In one corner we have the Secretary of State for Defence, Malcolm Rifkind, who says that any further cuts on top of those currently envisaged would risk leaving us with 'paper tiger' armed forces. If force levels are to be reduced, then our commitments will have to be scaled down accordingly. Mr Rifkind is explicitly threatening his cabinet colleagues with the political embarrassment of a full-blown defence review only three years after the publication of Options for Change, which was supposed to settle the structure of the armed forces for the rest of the decade.

In the other corner we have the Treasury, looking to cut pounds 1bn from next year's pounds 23.7bn military budget. When the Treasury looks balefully across Whitehall it sees not so much a sitting duck as a corn- guzzling Strasbourg goose. The Treasury is disgusted that, despite the disintegration of the Warsaw Pact and the emergence of 'a friendly and democratic Russia', the Ministry of Defence is still absorbing 4 per cent of GDP. It also regards the MoD as virtually synonymous with waste and poor management.

Whatever the strength of the opposing arguments, I would bet that as long as Mr Rifkind heaves out a few of the middle managers whose numbers have remained at a steady 10,000 over the past 15 years, despite a 40 per cent decline in uniformed personnel, he will emerge relatively unscathed. There is strong opposition on the Tory back benches to any further 'Treasury-led' defence cuts, and a defence review in this Parliament is thought to be more trouble than it is worth.

Those hoping for a proper debate about Britain's role in the world and the kind of armed forces that may be required to sustain it are going to be disappointed. And that is a pity.

Options for Change, the official response on the consequences for the armed forces arising from the end of the Cold War, was disappointing for its limited scope and exclusion of anything smacking of imagination or radicalism. It is also dated, having been written while Mikhail Gorbachev was still in office and before the break-up of Yugoslavia had begun to challenge our comfortable assumptions about security in Europe.

Although Options for Change was presented as a prudently worked out alternative to the 'salami slicing' which nobody advocates, it is difficult to see it as being much more than that. Apart from the restructuring of our forces in Germany, with the eventual reduction of army manpower there to 23,000, its main impact has been to spread a little pain fairly equally. While the Soviet threat is deemed to have diminished considerably, the actual commitments that smaller forces have to meet have not significantly altered. In this sense, Mr Rifkind and his supporters are right to say that the armed forces have already been cut to the bone.

Given the inadequacies of Options for Change and the speed at which events have moved since its publication, the case for a defence review is strong, but whether it would justify a reduction in expenditure is more arguable. Two questions have to be answered before anything can be decided. The first is whether we are more or less threatened than we were three years ago. The second is what role it is appropriate and in our interests to play in a much more fluid and uncertain world.

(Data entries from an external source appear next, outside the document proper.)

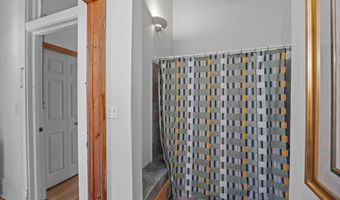 522 W 1st St, Ayden, NC 28513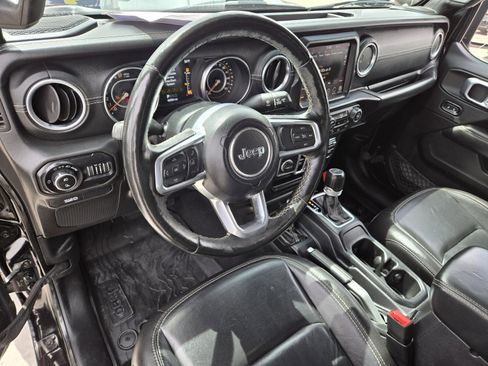 Used 2020 Jeep Gladiator Overland image 8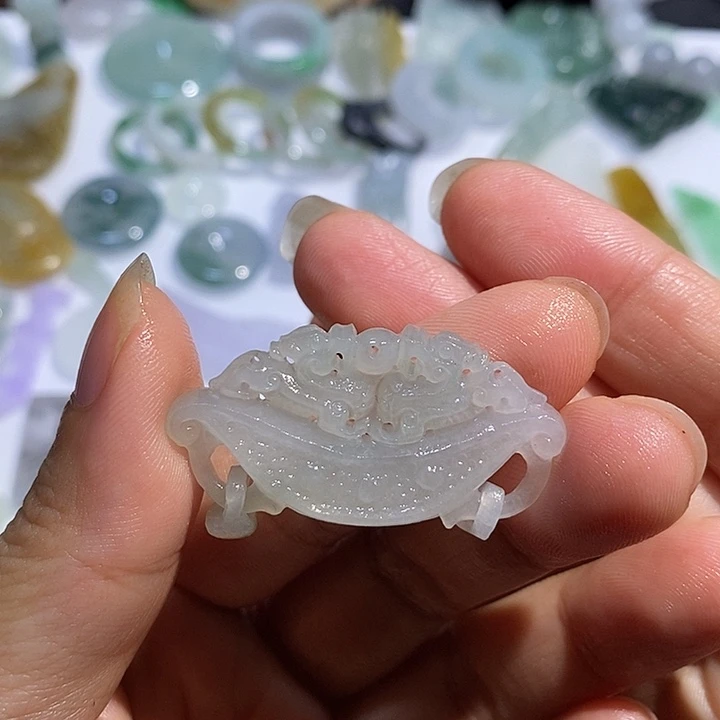 定制翡翠未镶嵌锁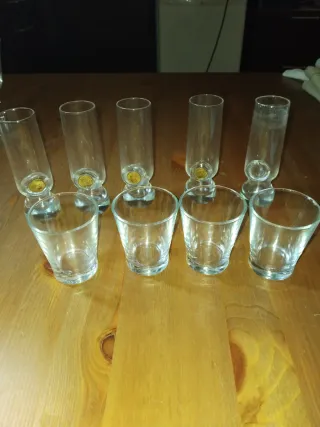 Bicchieri shot con dettagli oro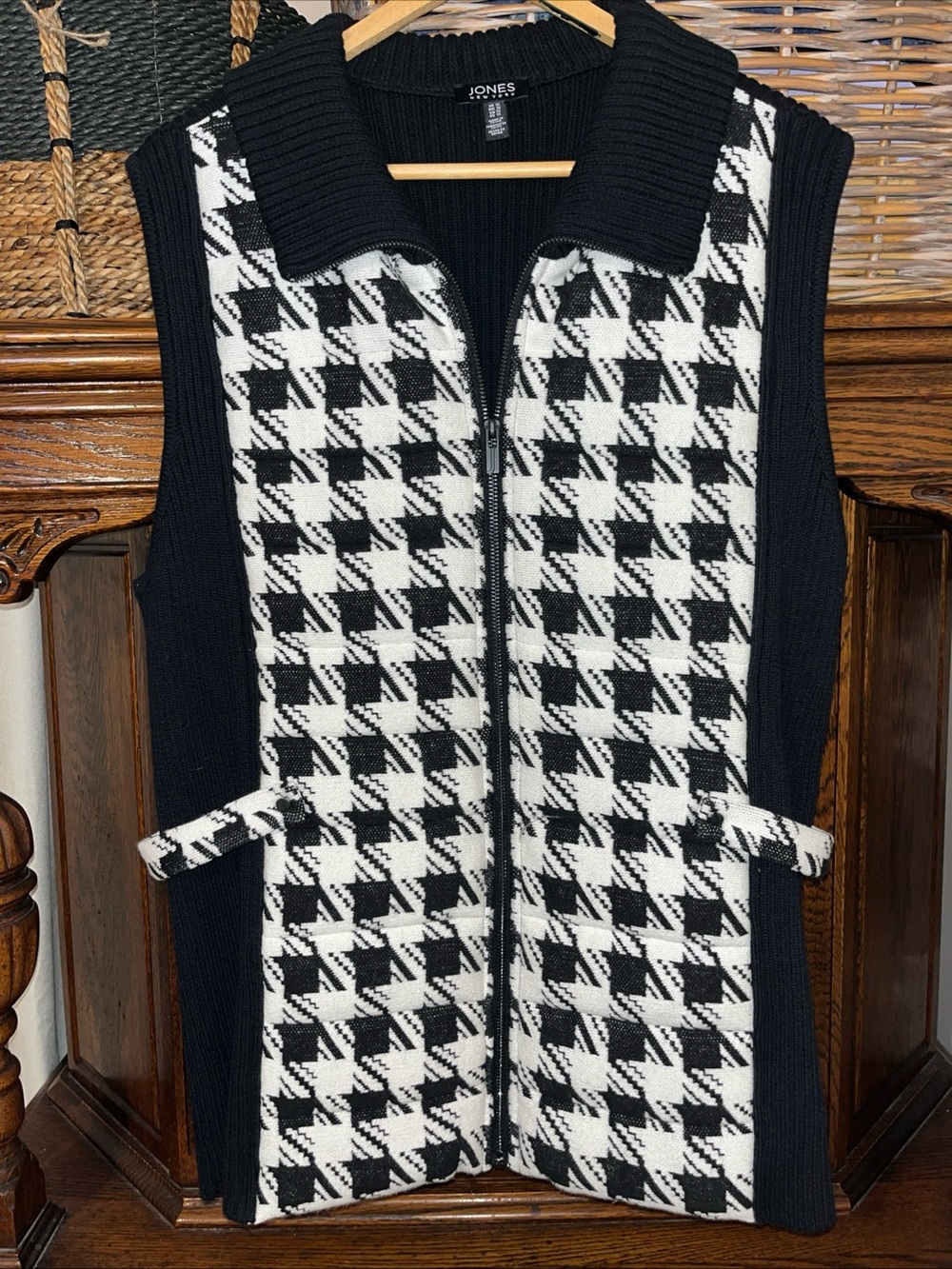 Jones New York Black & White Houndstooth Zip-Front Vest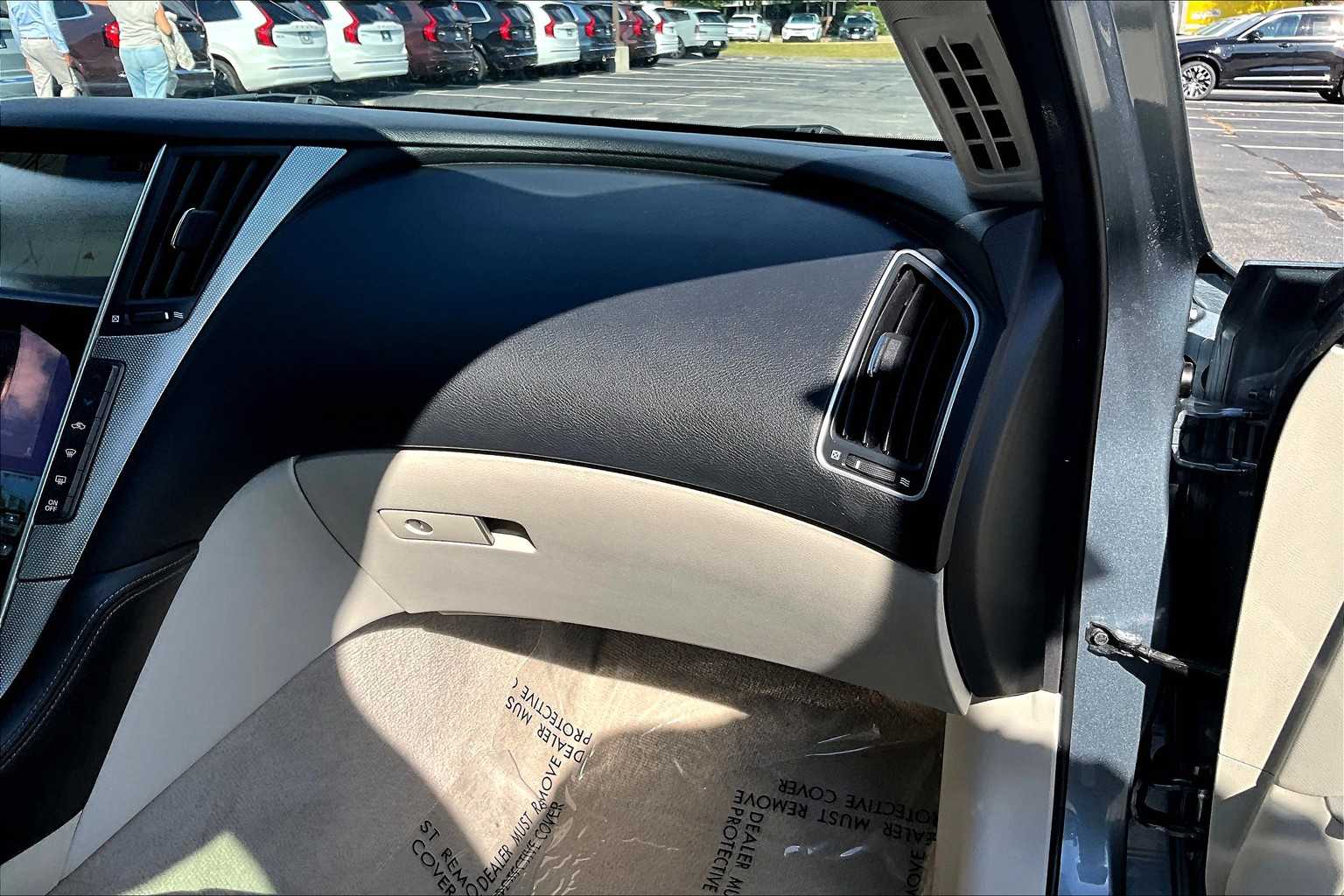 2014 Infiniti Q50 Premium photo 17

The evaluation of threat has become increasingly complicated and open to interpretation. But not many people would claim that the world has become a much safer place in the past three years.

The overwhelming fact is that the former Soviet Union is in dangerous turmoil. In Russia itself it is far from certain that the 'westernisers' who want Russia to become a modern, liberal, democratic state will prevail. Although Boris Yeltsin smashed through one obstacle to reform when he sent his tanks against the Communists in the Russian parliament, there are still powerful and implacable forces ranged against him. The army is also using its new leverage over Mr Yeltsin to intensify its involvement in the war- torn Caucasus, from where fighting will be difficult to prevent spreading to the western regions.

It is perfectly possible either that Mr Yeltsin's supporters will lose the forthcoming parliamentary elections or that continuing economic failure will topple him in the next presidential ballot. Is it really so unlikely that the belligerent nationalists who believe Russia has been stabbed in the back and sold into Western bondage will gain power?

If we cannot be confident that Russia will continue to be friendly and co-operative, can we at least assure ourselves that it has lost the ability to pose a military threat to Europe? Absolutely not.

The nightmare of a surprise blitzkrieg across the central German plain has disappeared, but Russia will remain the continent's only military superpower. Although its armed forces are in the process of reorganisation and the army is suffering manpower problems, equipment - including nuclear-powered submarines and combat aircraft - is being upgraded. The nuclear strike forces, although reduced under the terms of Start 2, will still be massive.

Russia apart, there is also the indirect threat of numerous small wars of self-determination, fuelled by historic hatreds. As Jonathan Eyal wrote yesterday, while none of these local wars threatens Western security as such, their cumulative impact could dissolve the whole fabric of current security arrangements. That is why intervening early and hard in the former Yugoslavia was necessary for more than the obvious moral reasons. If we have neither the will nor the ability to make such interventions in the future, there is little chance that a stable international order will assert itself.

There is not much that Britain can do on its own. But if Britain, with its powerful interest in a stable Europe and a functioning international order, decides that it no longer wishes to make its traditional contribution, it will be that much less likely that anyone else will. The United States, for better of worse, will no longer act without partners. France is no more capable than Britain of unilateral action (other than in its former colonies). Germany will continue to be preoccupied with the strains of unification for the rest of this decade.

A defence review is needed all right - one that overturns the bureaucratic complacency and bland conservatism of Options for Change.